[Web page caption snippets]
************
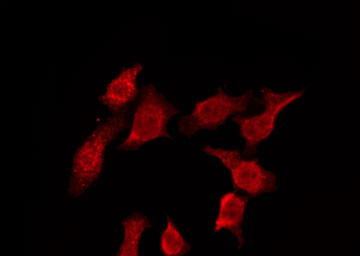 CDH3 / P-Cadherin Antibody - Staining HeLa cells by IF/ICC. The samples were fixed with PFA and permeabilized in 0.1% Triton X-100, then blocked in 10% serum for 45 min at 25°C. The primary antibody was diluted at 1:200 and incubated with the sample for 1 hour at 37°C. An Alexa Fluor 594 conjugated goat anti-rabbit IgG (H+L) Ab, diluted at 1/600, was used as the secondary antibody.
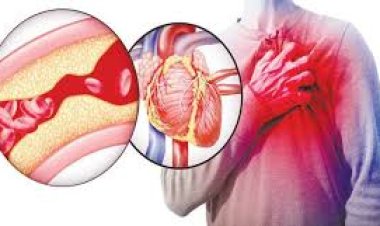 مخاطر تجلط الدم.. سيناريوهات تهدد الصحة والوقاية الممكنة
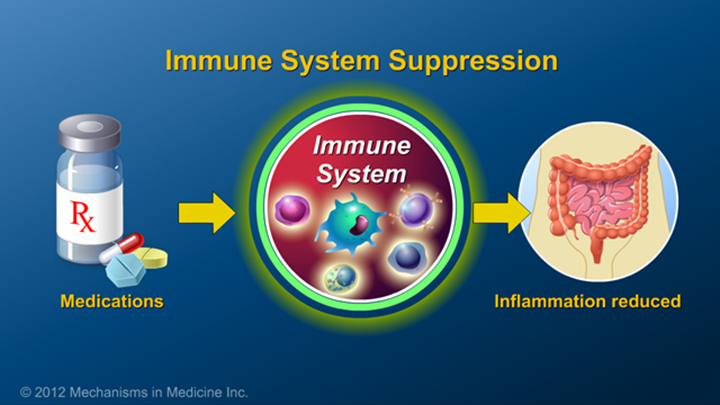 Immune System Suppression and IBD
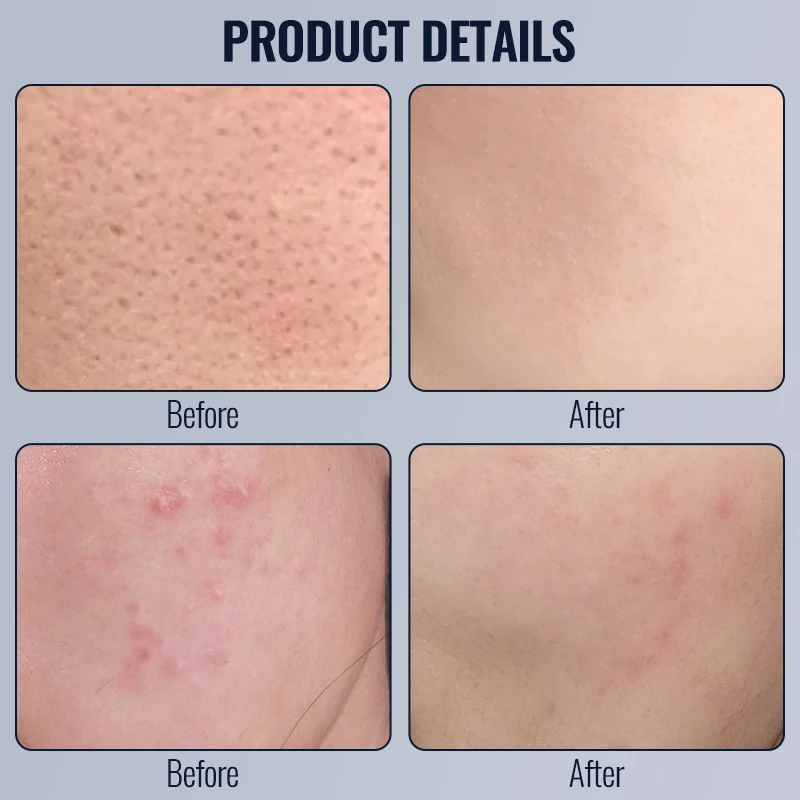 2025 جهاز شد الوجه مكركرنت مكافحة الشيخوخة إزالة التجاعيد EMS الكولاجين رفع تجديد الجلد العلاج بالضوء الأزرق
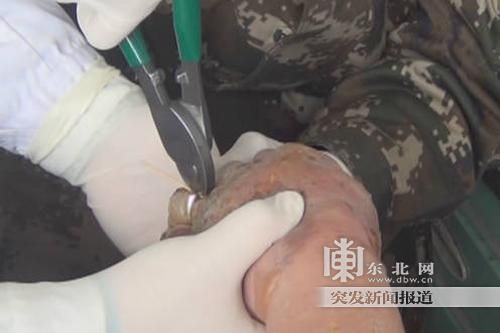 正在拆除戒指。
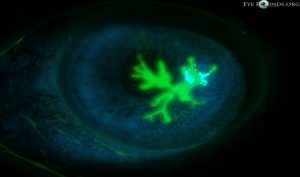 Neurotrophic Cornea
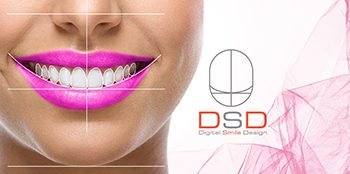 Planejamento Digital do Sorriso - DSD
************
WHAT TO PRODUCE:
Apart from the pictures, all of the data must be duplicated exactly as shown above.

PROBLEM SOLUTION:
 CDH3 / P-Cadherin Antibody - Staining HeLa cells by IF/ICC. The samples were fixed with PFA and permeabilized in 0.1% Triton X-100, then blocked in 10% serum for 45 min at 25°C. The primary antibody was diluted at 1:200 and incubated with the sample for 1 hour at 37°C. An Alexa Fluor 594 conjugated goat anti-rabbit IgG (H+L) Ab, diluted at 1/600, was used as the secondary antibody.
 مخاطر تجلط الدم.. سيناريوهات تهدد الصحة والوقاية الممكنة
 Immune System Suppression and IBD
 2025 جهاز شد الوجه مكركرنت مكافحة الشيخوخة إزالة التجاعيد EMS الكولاجين رفع تجديد الجلد العلاج بالضوء الأزرق
 正在拆除戒指。
 Neurotrophic Cornea
 Planejamento Digital do Sorriso - DSD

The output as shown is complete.